Publisher McGraw-Hill announced a new initiative Tuesday in collaboration with Michigan-based edtech startup Alchemie to co-develop augmented reality and 3D-learning tools for mobile devices to teach college-level chemistry.
Funded by a grant from the National Science Foundation, the initiative aims to drive more active learning and to improve learning outcomes in introductory chemistry courses, which according to McGraw-Hill, often have high failure rates, especially among underserved student populations.
“Augmented reality enables students to immerse themselves into educational concepts, bringing these concepts closer to reality,” Scott Virkler, a McGraw-Hill executive told EdScoop. “Today’s students want to engage with advanced technologies that make the learning experience more dynamic and effective.”
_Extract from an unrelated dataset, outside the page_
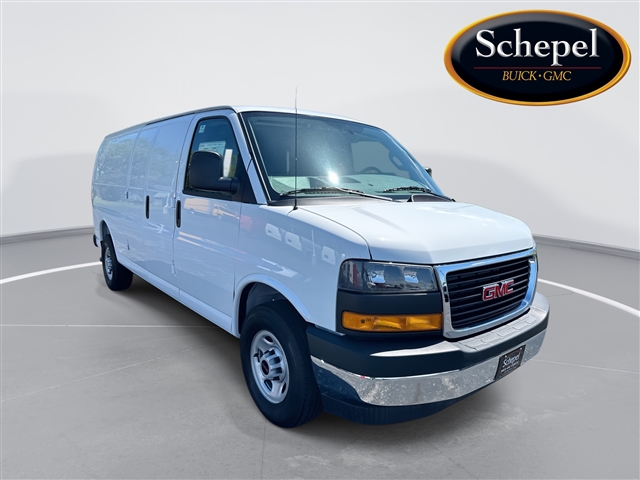 New 2026 GMC Savana 2500 Work Van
The AR tools will be available on both Apple and Android mobile platforms, and will eventually be embedded into McGraw-Hill’s digital courseware and learning platforms. But having just entered the research and development phase of the project, McGraw-Hill said that the two organizations will co-develop and test mobile AR tools for the general chemistry curriculum over the next year.
“After this moves out of the R&D phase and into a fully developed product, we’ll continue our research to evaluate its effectiveness,” Virkler said. Eventually, these tools may help solve challenges in other course areas if they prove effective, he said.
McGraw-Hill said it hopes that this research will help millions of learners improve their success rates and broaden the array of students who pursue STEM careers. By going beyond memorizing facts, students will be able to develop an understanding of course content at a deeper and more conceptual level, the publisher said.
“We believe that with the right combination of technology, content and pedagogy this tool has the ability to have a significant impact on students in the future,” Virkler said. “AR does not replace other effective technology resources, but rather enhances the experience and the ability to reach a variety of different students with diverse learning modalities.”